-- WORK TO BE COMPLETED --
Every line of the listing below should be written out exactly, minus its pictures.

-- THE INPUT --
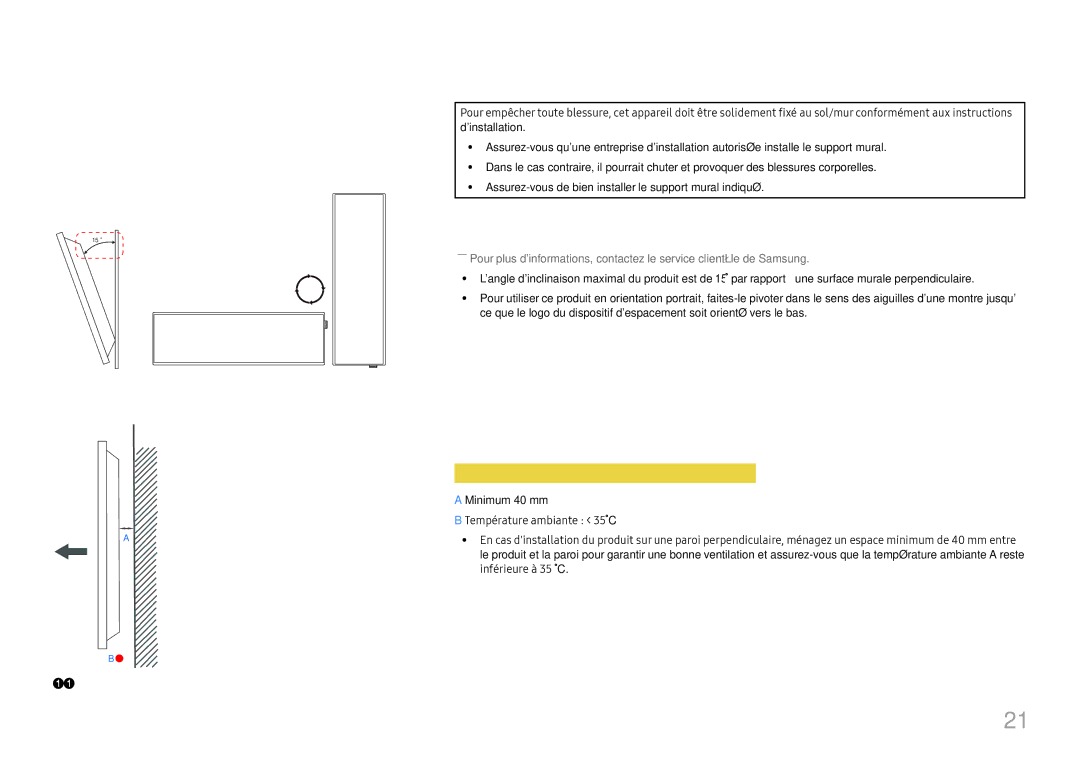 Samsung LH37SHFPLBB/EN manual Avant dinstaller le produit Guide dinstallation, Angle dinclinaison et rotation, Ventilation 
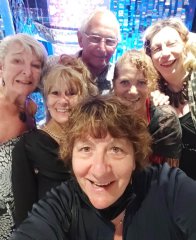 Selfie by Karen in the fore. Behind: Sheila, Gloria, Bill, Teresa and Martine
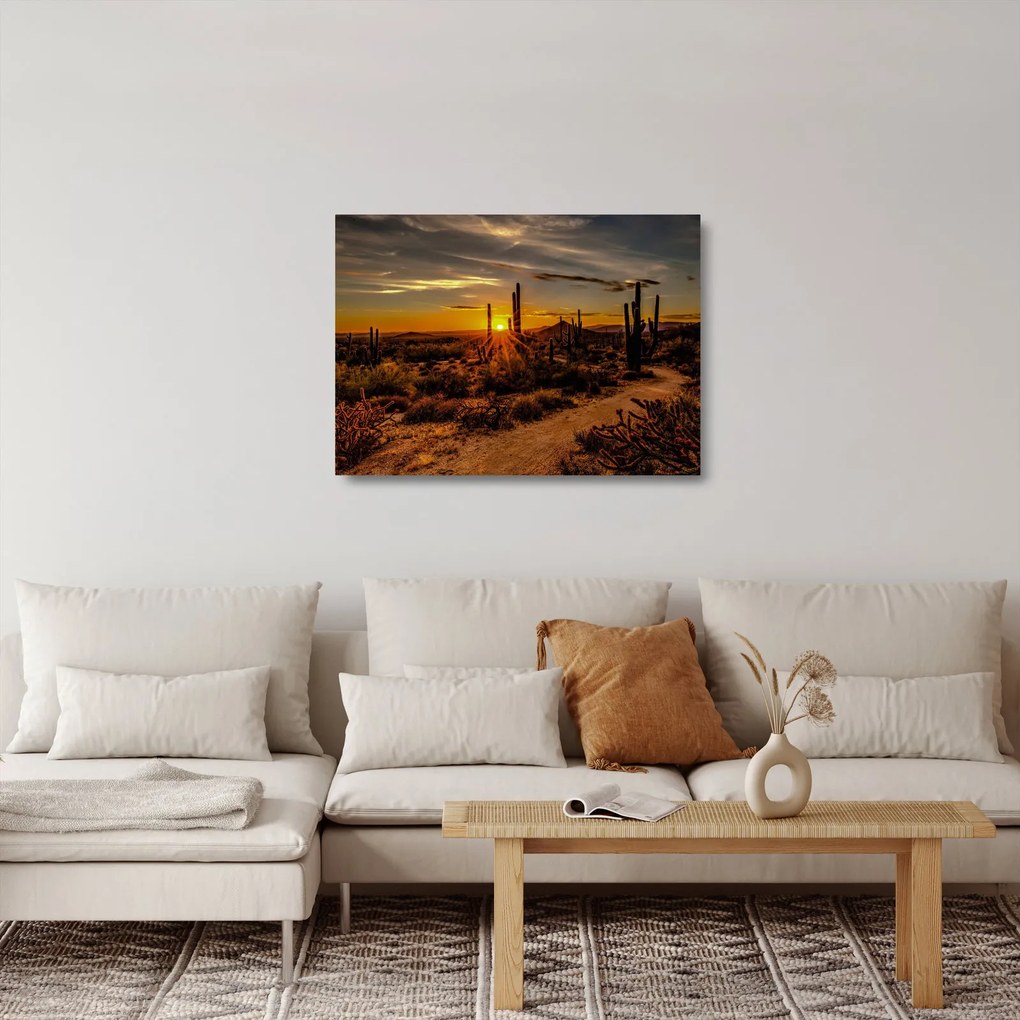 Kép - A nap vége az arizonai sivatagban (üvegen) (70x50 cm)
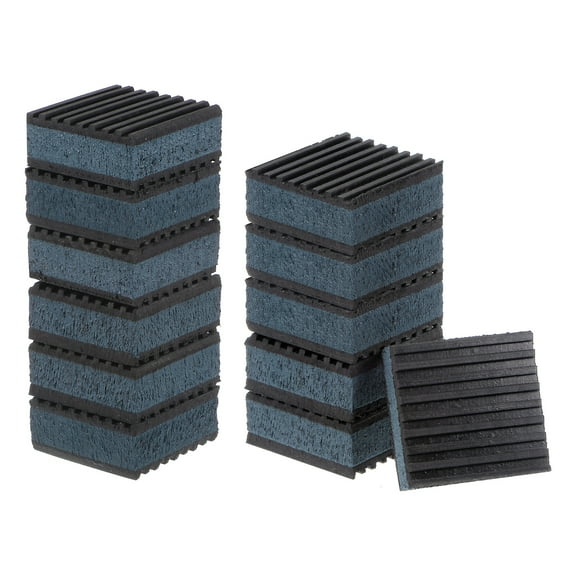 12 Packs Ribbed Anti-Vibration Isolation Rubber Pads 3" Length x 7/8" Thick, Square Anti Vibration Pads with EVA Layer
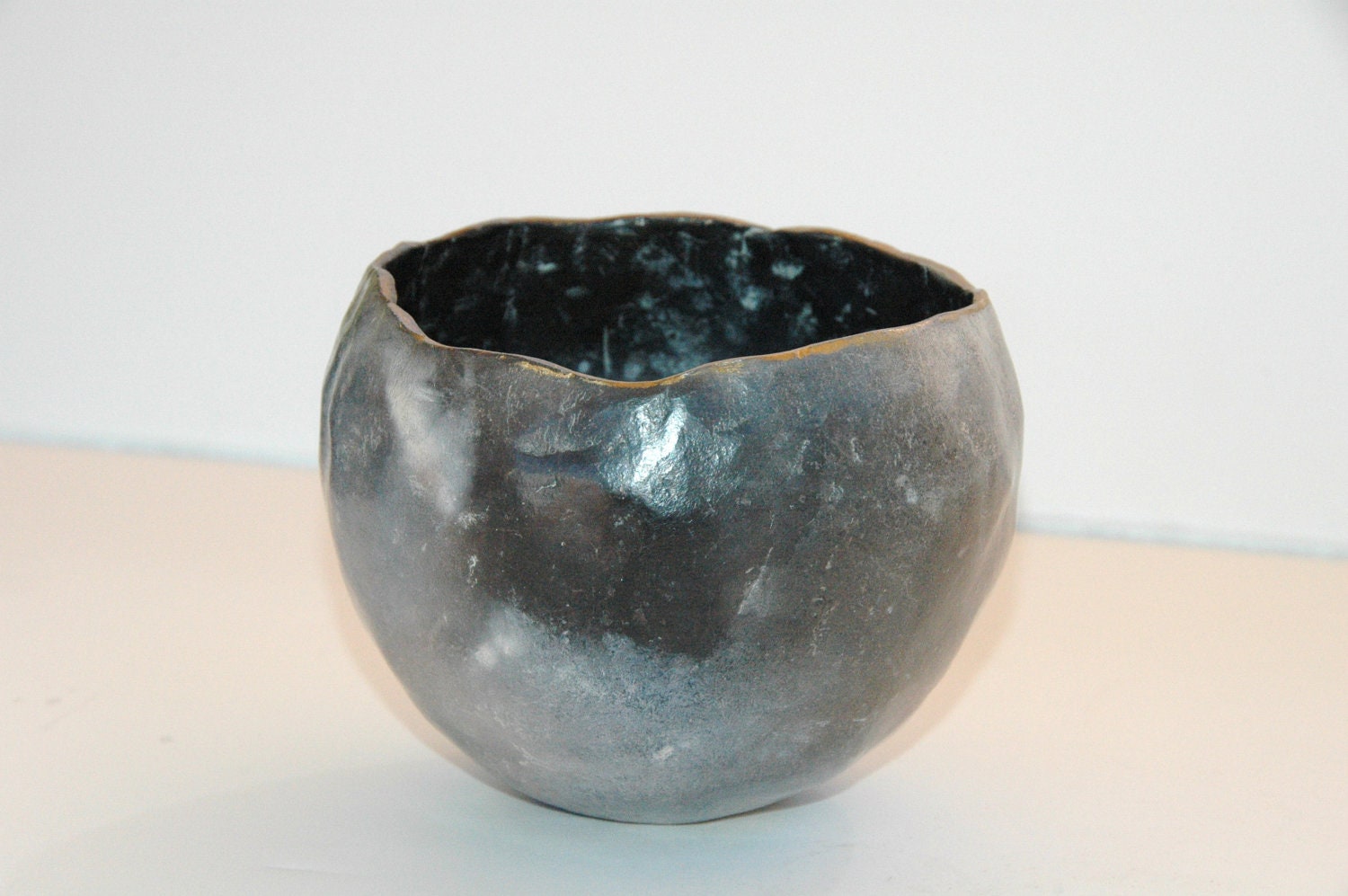 Smoked Pinch Pot with Gold Rim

-- WRITTEN REPLY --
 Samsung LH37SHFPLBB/EN manual Avant dinstaller le produit Guide dinstallation, Angle dinclinaison et rotation, Ventilation 
 Selfie by Karen in the fore. Behind: Sheila, Gloria, Bill, Teresa and Martine
 Kép - A nap vége az arizonai sivatagban (üvegen) (70x50 cm)
 12 Packs Ribbed Anti-Vibration Isolation Rubber Pads 3" Length x 7/8" Thick, Square Anti Vibration Pads with EVA Layer
 Smoked Pinch Pot with Gold Rim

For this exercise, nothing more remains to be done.